Estimated reading time: 4 minutes
I once had a gig-job delivering pizzas (who doesn’t nowadays?) I’m not going to name the franchise, but I would say I enjoyed working for them – the values of quality and service matched who I am.
Yet, there was a word we were supposed to use whenever we made a delivery, a word that was blatantly manipulative. That word was “only.” Pull up to the customer’s residence, bring the order to the door, knock, introduce yourself, summarize the order for quality control, and then punctuate the summary with “Your total comes to only,” followed by the amount.
In an era when everyone says “saved”, the use of the word replaced what had become cliche (even though “save” is still strangely effective with many people). This was precisely the rationale given in the training material: the driver was subconsciously suggesting a lower than expected cost for higher than expected quality.
Yet, stress-testing this word revealed unintended consequences.
The customer in our example was a married mother with three children. Until recently, life was going well: both were working professionals with good incomes. Unfortunately, her husband lost his job, and was now working gig-jobs, with offset hours and not enough income. I knew this because she told me. But I’m getting ahead of myself.
That night, everything was chaos. She had a hard day at work, her husband had to work longer than intended, dinner was not prepared, her son got in trouble at school, etc. In short, it was the kind of chaotic day which drives the pizza business, and our stressed-out mother was experiencing all of the critical factors for another sale. Out of a habit built by successful marketing, she picked up her smartphone and ordered a pizza.
Cha-ching, right? Not exactly.
What likely happened between her husband losing his job and now was a conversation about budget and finances. In these conversations, everything is up for reconsideration, including whether or not to order pizza. The conversation probably included the agreement that pizza is now a luxury.
All well and good, until reality and associated stress steps in, and said mother is at wit’s end. Dollars to
doughnuts pizza, there’s an emotion she’s feeling as soon as she places her order.
She rationalizes spending the money through all the factors identified above, assisted by the relief she is soon going to feel when her three grumpy children are satiated. No matter how she rationalizes her spending, the guilt is going to stick with her until she confesses to her husband that, yes, she broke their agreement and ordered pizza, even though they really can’t afford it.
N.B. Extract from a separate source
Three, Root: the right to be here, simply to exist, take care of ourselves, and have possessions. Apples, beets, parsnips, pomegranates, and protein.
It is into this scenario that our friendly pizza-delivery guy walks in (me). After summarizing the remedy for her stressed-out day, I punctuated the order with the statement I was trained to say. “Your order comes to only..,” followed by the amount. The backlash was intense.
“Only? Only?! THAT WAS EVERYTHING WE HAD UNTIL PAYDAY!!” She launched into a heated rant, including everything I described above, “only” occasionally interrupted by my apologies. But she wasn’t done; not by a long shot.
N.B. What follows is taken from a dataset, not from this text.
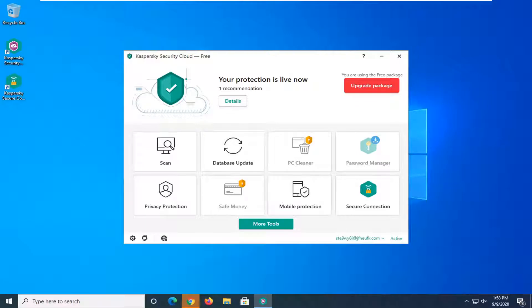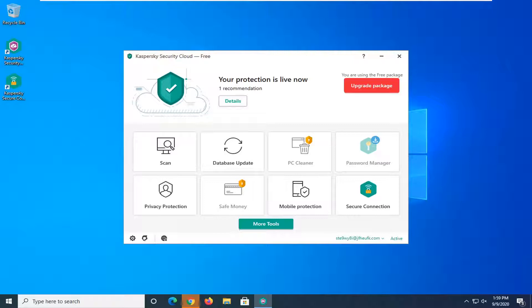In today's tutorial I'm going to show you guys how to empty your quarantine in Kaspersky Security Cloud Free antivirus. This will hopefully be a fairly straightforward process here guys and without further ado let's go ahead and jump right into it.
“I knew I shouldn’t have ordered. I hope HE doesn’t get upset with me. No, he IS going to be mad! What could I do!? Let HIM deal with these kids; see how he likes it!” I waited patiently for her to get it all off her chest. I didn’t have a choice: payment was not going to come until she was finished.
After she cooled down, the problem with the word “only” reared its ugly head. “Next time, I’m going to order from (insert competitor). AT LEAST I’LL HAVE A FEW DOLLARS LEFT FOR GAS!” She then shoved the money into my hand.
It was “only” a lost customer.
The point of this little story? In a consumer market saturated with marketing and psychological exploits, the average consumer has become cynical regarding psychological manipulation, with a heightened awareness for when it is happening. When a business programs their employees to say certain words, instead of naturally speaking in the context of a conversation, suspicions are aroused.
In this example, the word “only” may be true, especially if weighed against the quality of the product and exemplary service. However, change one little variable (lack of finances), and this word becomes false because priorities have changed.
For our stressed-out mom, it was no longer about quality and service; it was about money. She didn’t notice at first because she was acting on autopilot, ordering from her favorite pizza place like she always does.
But saying the word “only” brought this awareness to the forefront. The delivery (no pun intended) didn’t change; the target did.
Are there any universally-applied buzzwords in your organization which are having a detrimental impact on your bottom line?
Be careful with your delivery (pun intended).